** Task **
Task for the records below: copy exactly, and only, the line containing "Villa ou maison" and every line after it to the end, with pictures left out.

** Data shown **
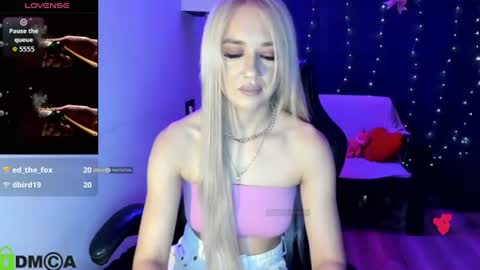 dances_queen online show from 07/17/26, 07:15
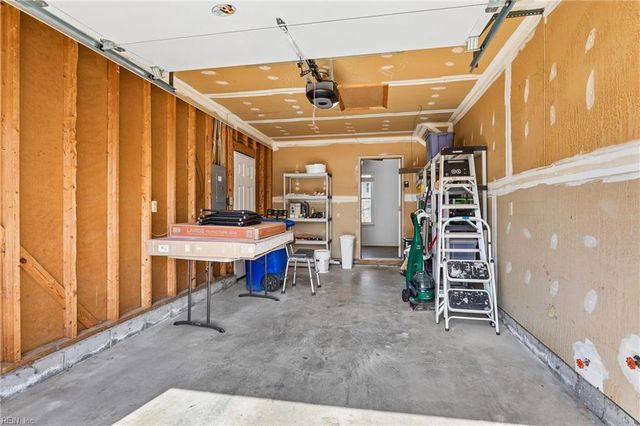 686 Trails LN, Newport News, VA 23608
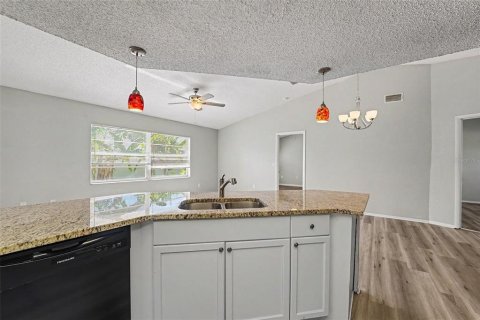 Villa ou maison à vendre à New Port Richey, Floride: 3 chambres, 139.17 m2 № 2126637 - photo 11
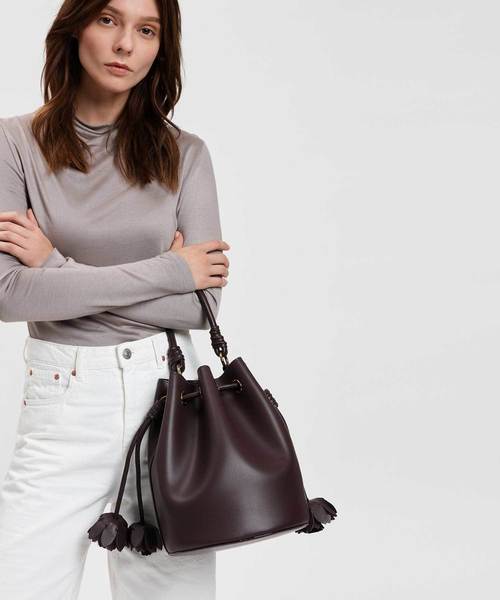 CHARLES & KEITH(チャールズ & キース)の「フローラルタッセルドローストリングバックルバッグ / FLORAL TASSEL DRAWSTRING BUCKET BAG(ハンドバッグ・レディース・ブラック/ブラウン/オレンジ・L)」の9枚目の写真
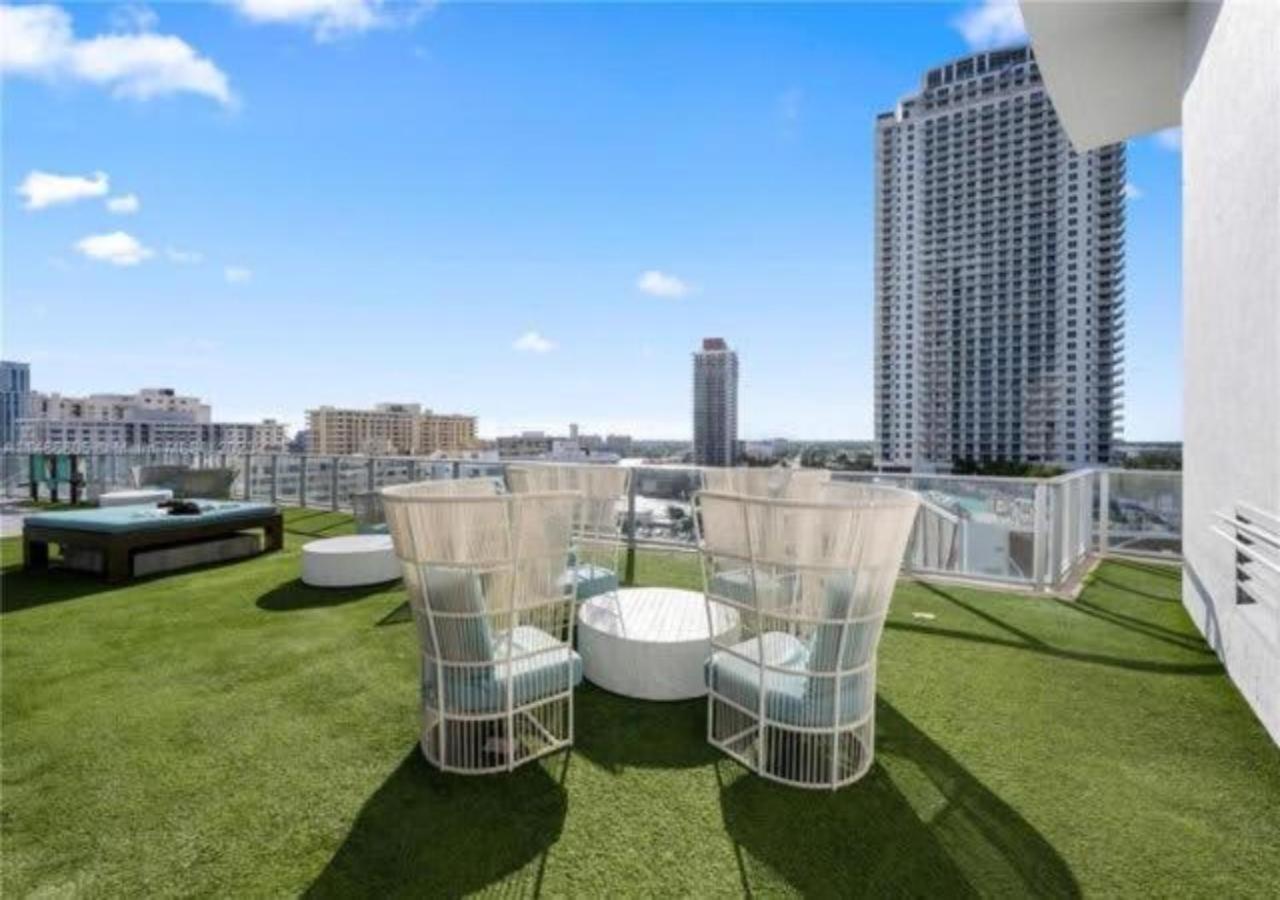 High Floor Corner 2 Bdr At Lyfe Resort ハリウッド エクステリア 写真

** Answer to the problem **
 Villa ou maison à vendre à New Port Richey, Floride: 3 chambres, 139.17 m2 № 2126637 - photo 11
 CHARLES & KEITH(チャールズ & キース)の「フローラルタッセルドローストリングバックルバッグ / FLORAL TASSEL DRAWSTRING BUCKET BAG(ハンドバッグ・レディース・ブラック/ブラウン/オレンジ・L)」の9枚目の写真
 High Floor Corner 2 Bdr At Lyfe Resort ハリウッド エクステリア 写真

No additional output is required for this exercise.